* **HOW TO COMPLETE THIS TASK**: The reply must consist of the lines from the first line of the records through the line containing "Nandita Swetha - 50.2K", copied exactly, with every picture omitted.

───── EXCERPTED DATA

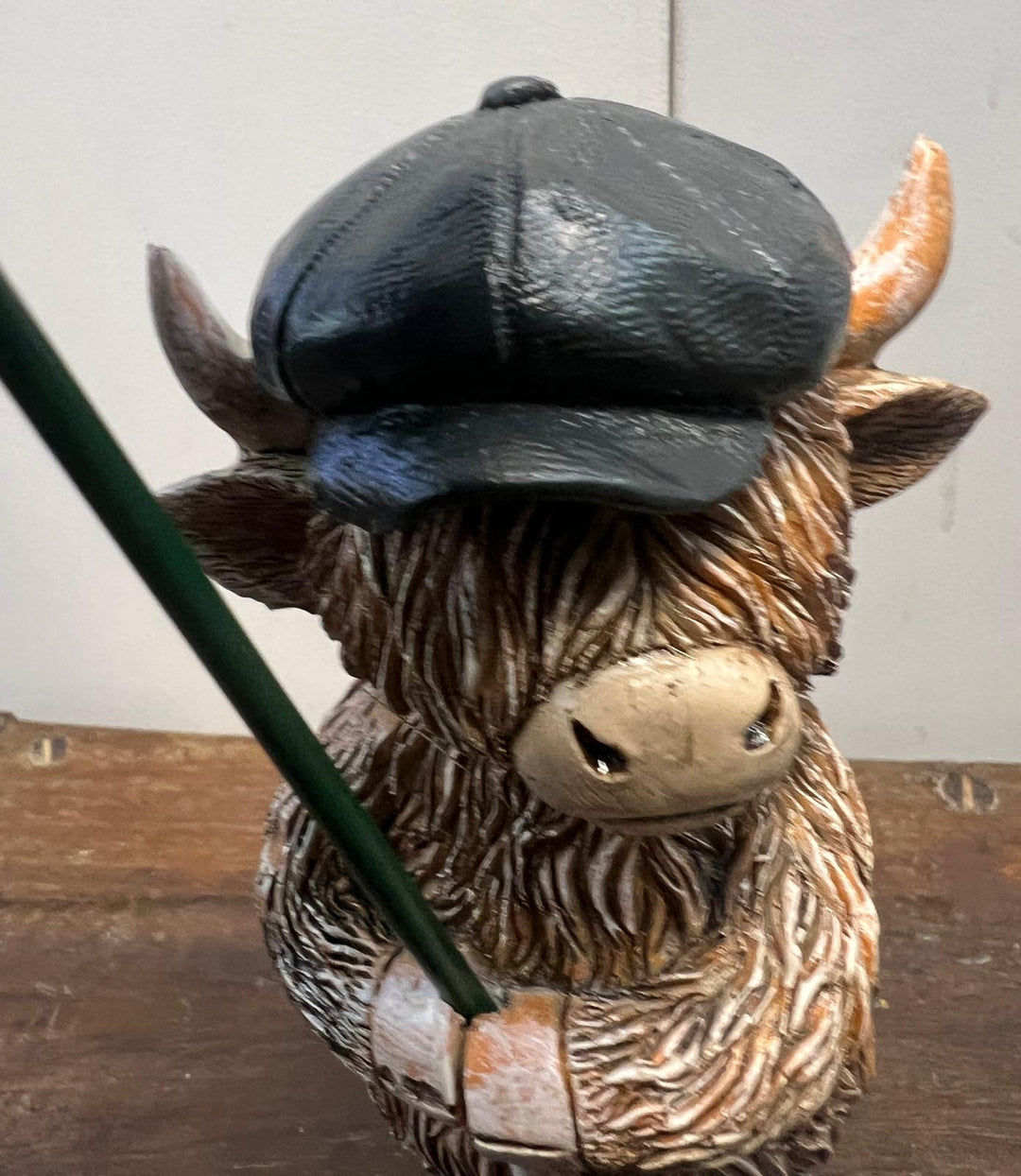 Highland Cow Boy & Girl Resin Ornaments – Cute Farm Décor with Wellies & Umbrellas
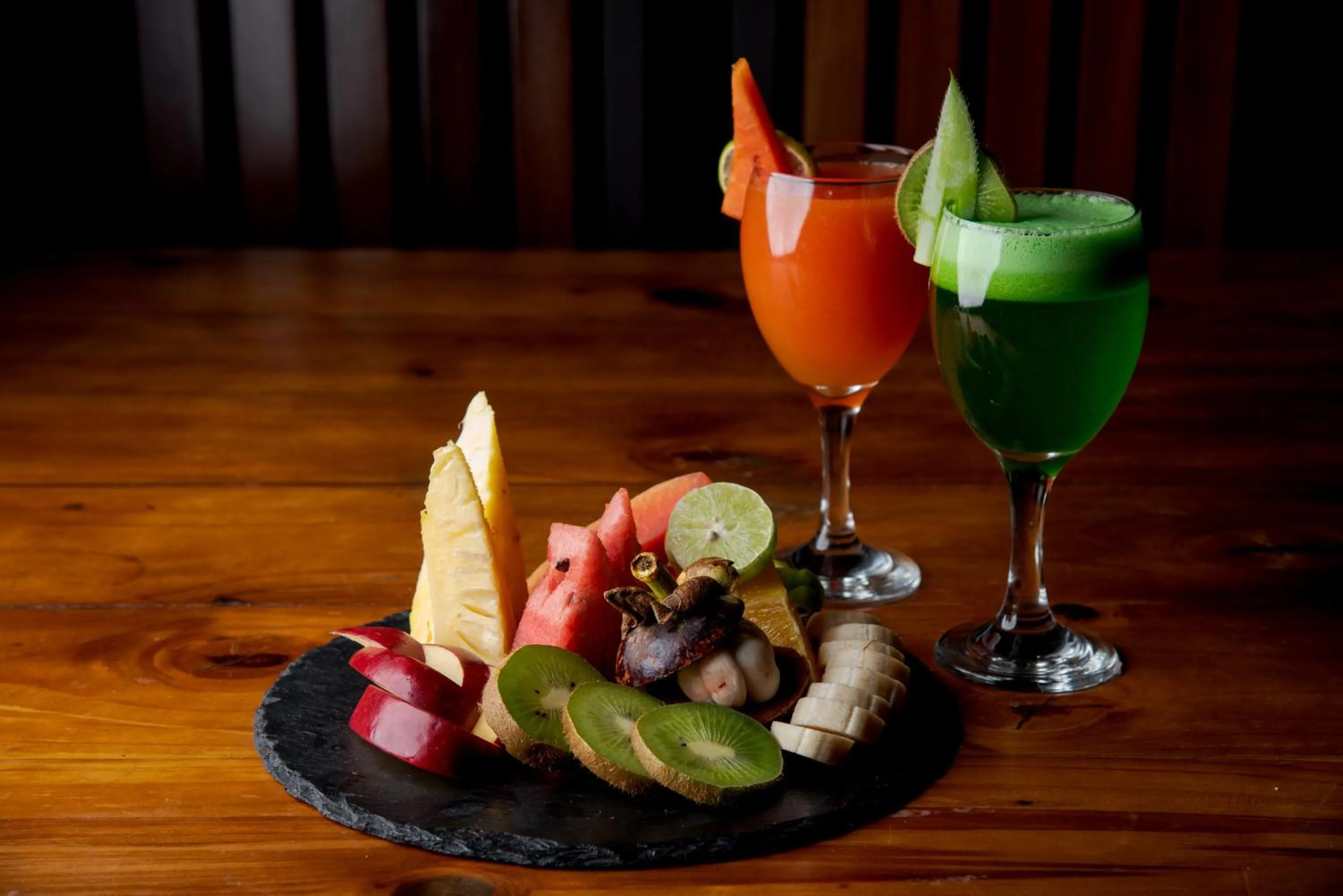 Food and drinks in Hotel Elephant Reach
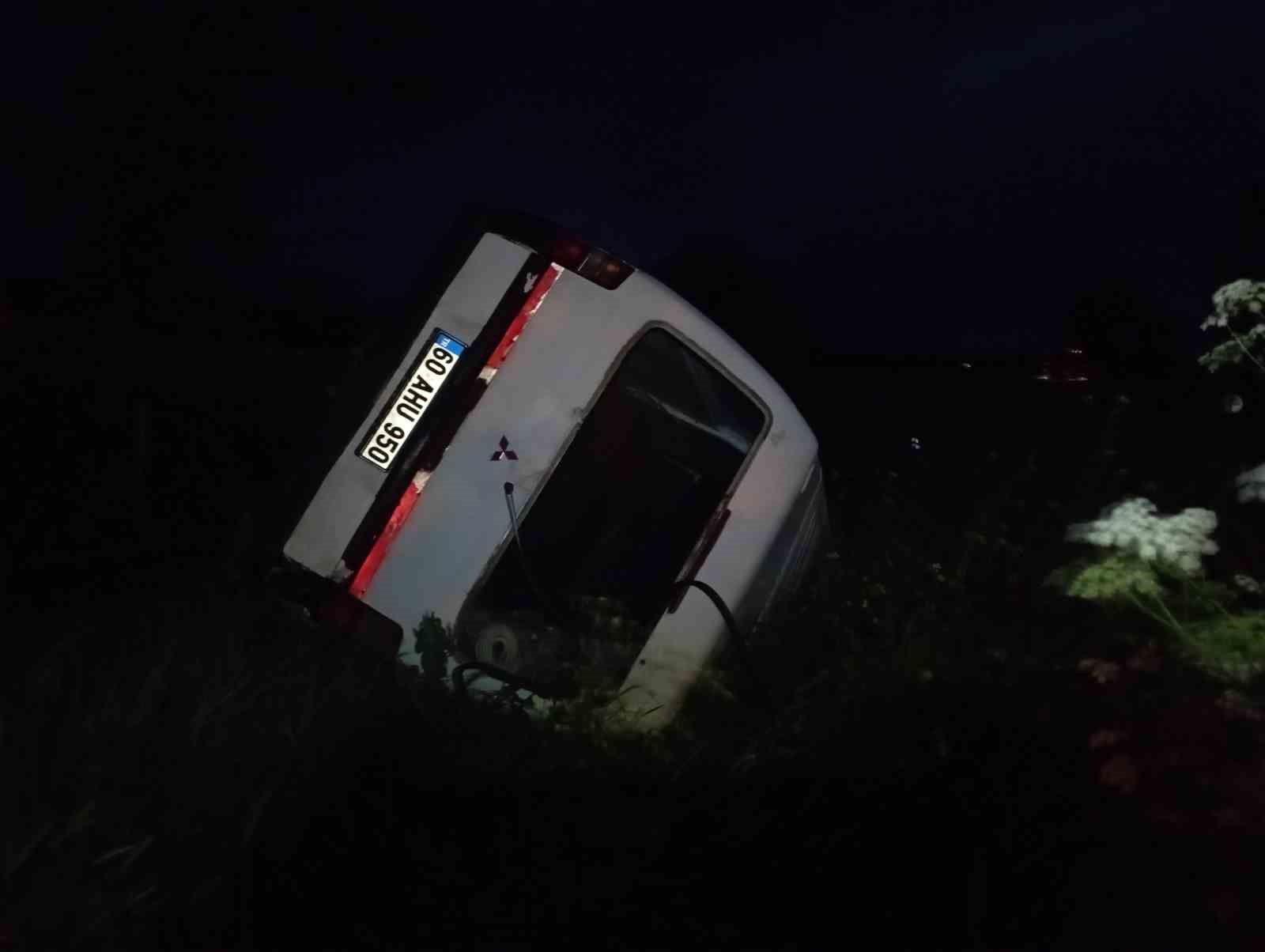 TOKAT’TA MİNİBÜS TAKLA ATTI: 1 YARALI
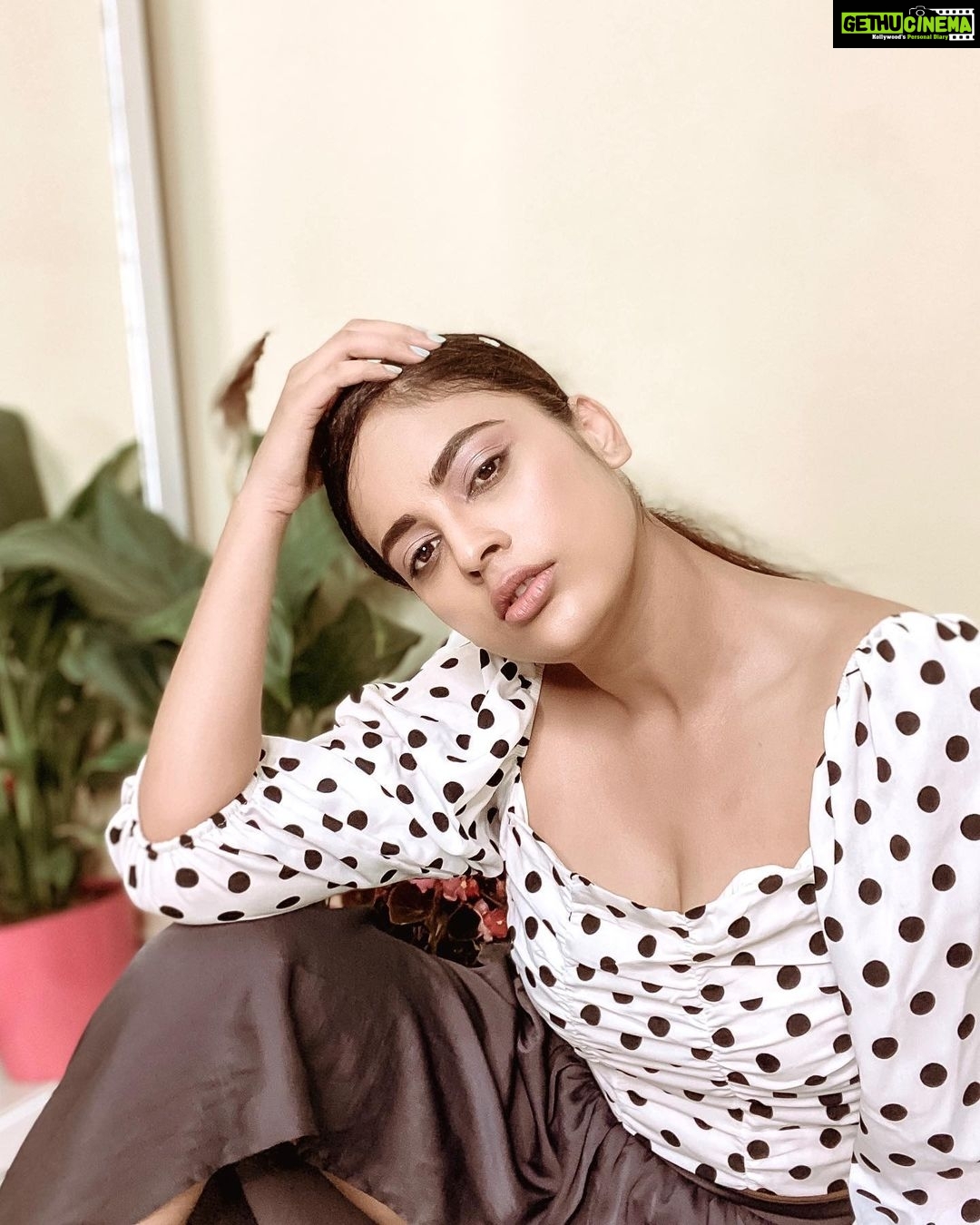 Nandita Swetha - 50.2K Likes - Ok let’s do this.. Drop me your questions in the comment box. Wil do a video answering all your questions.
Ask me anything( abt life, love, failures, problems, depression, decision making, being strong, self dependent etc etc)
NOTE- All about you, Not about me
#asknandita #commentbelow #actress #instafamily #questions #chitchat #bestrong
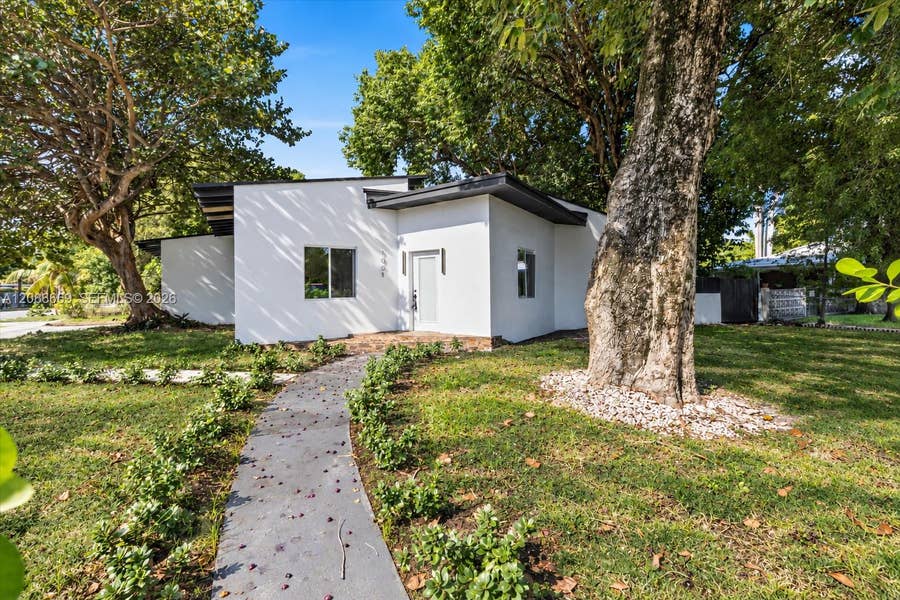 Property photo for 1001 NE 82nd Street, Miami, FL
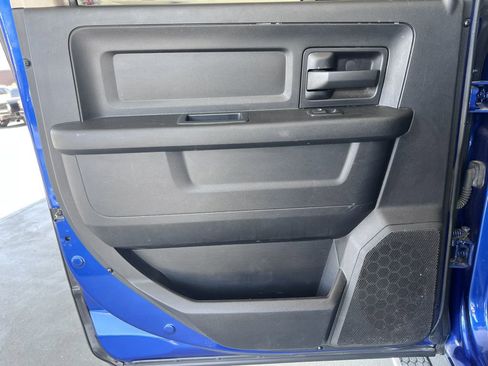 Used 2016 RAM 2500 Tradesman w/ Chrome Appearance Group image 17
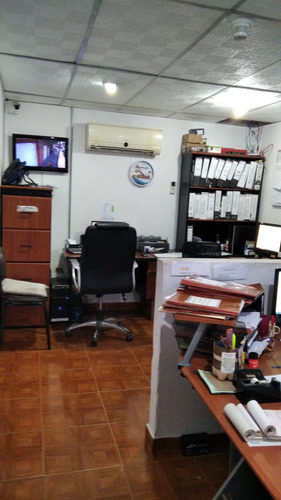 Fondo De Comercio Al Mayor Y Al Detal De Víveres, Confitería, Charcutería, Carnicería Y Bodegón.ar Solo Clientes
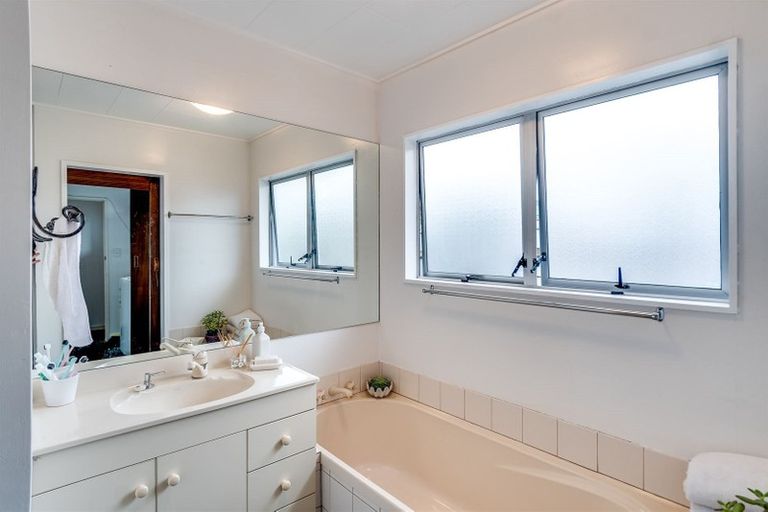 Photo of property in 10 Cardiff Place, Tamatea, Napier, 4112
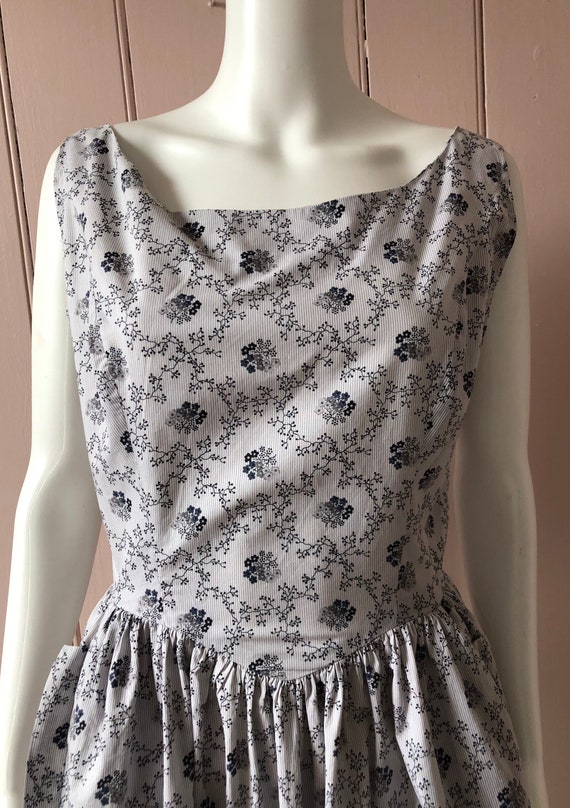 Pretty 1950’s Floral Cotton Dress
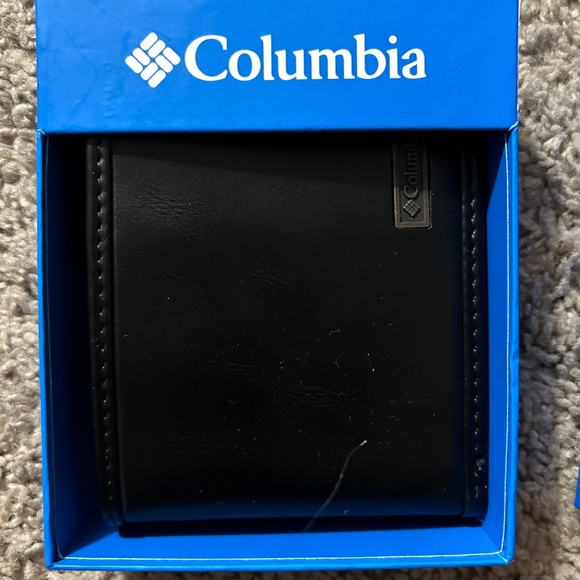 Columbia wallet - Picture 1 of 3
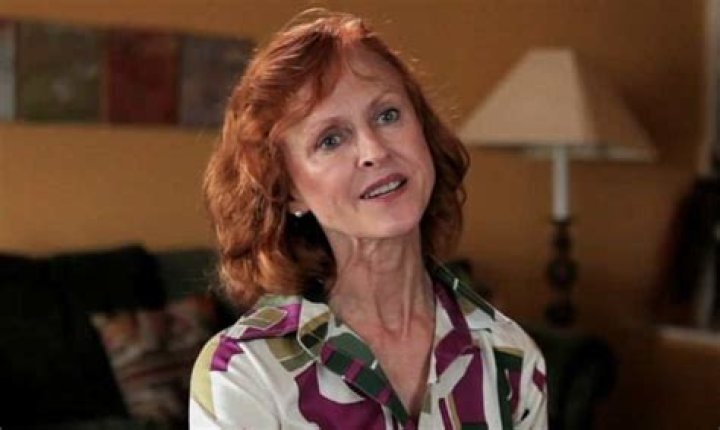 Julie Larson Net Worth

──────────

* **WRITTEN ANSWER**:
 Highland Cow Boy & Girl Resin Ornaments – Cute Farm Décor with Wellies & Umbrellas
 Food and drinks in Hotel Elephant Reach
 TOKAT’TA MİNİBÜS TAKLA ATTI: 1 YARALI
 Nandita Swetha - 50.2K Likes - Ok let’s do this.. Drop me your questions in the comment box. Wil do a video answering all your questions.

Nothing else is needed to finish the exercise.